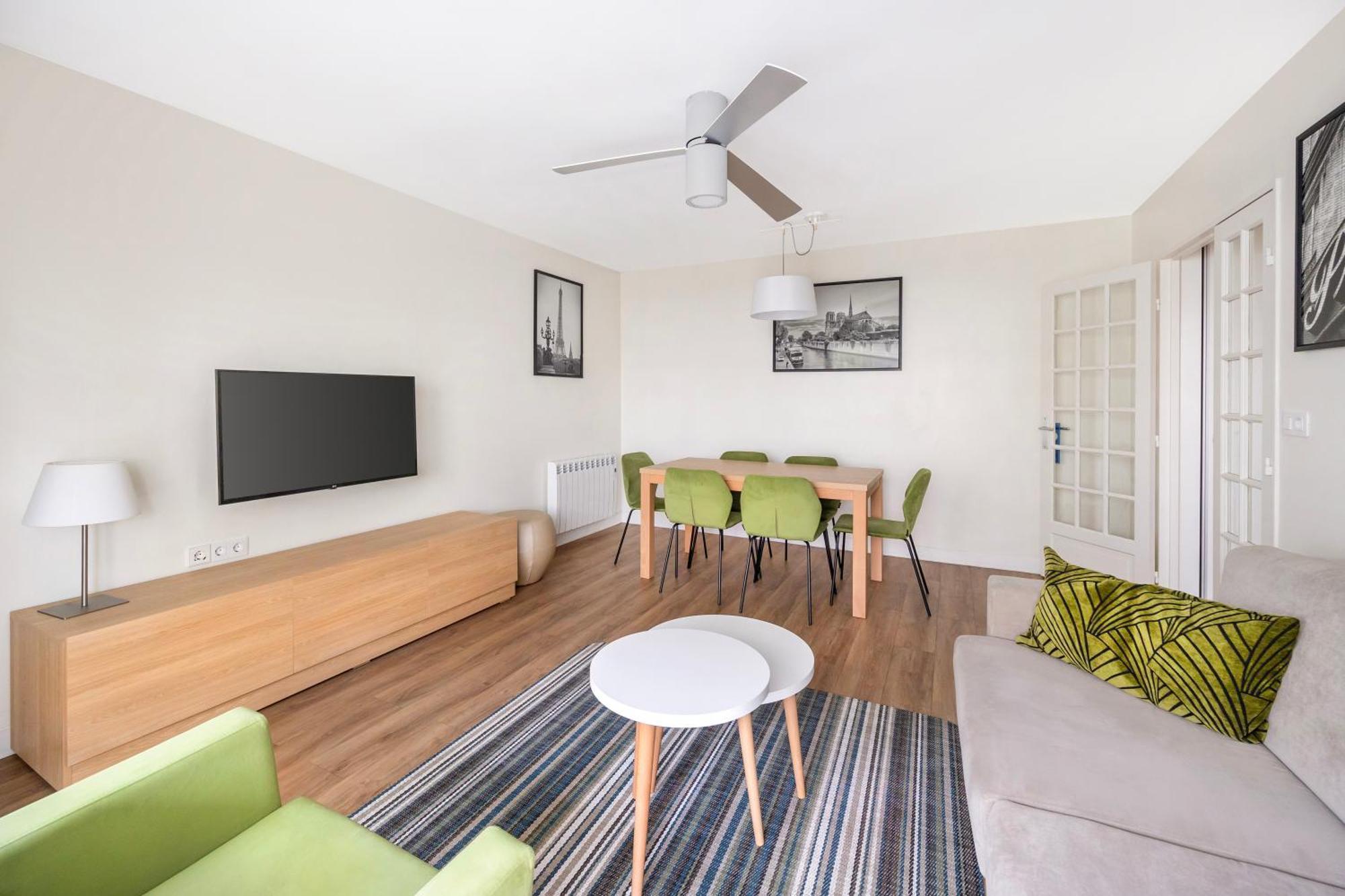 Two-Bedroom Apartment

--

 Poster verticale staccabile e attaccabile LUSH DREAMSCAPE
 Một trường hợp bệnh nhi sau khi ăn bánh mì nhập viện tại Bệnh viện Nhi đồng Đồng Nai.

_Required work:_
Keep both end lines and retype everything in the records above from the line containing "Poster verticale staccabile" through the line containing "Một trường hợp", exactly, with nothing else.

_Task response:_
 Poster verticale staccabile e attaccabile LUSH DREAMSCAPE
 Một trường hợp bệnh nhi sau khi ăn bánh mì nhập viện tại Bệnh viện Nhi đồng Đồng Nai.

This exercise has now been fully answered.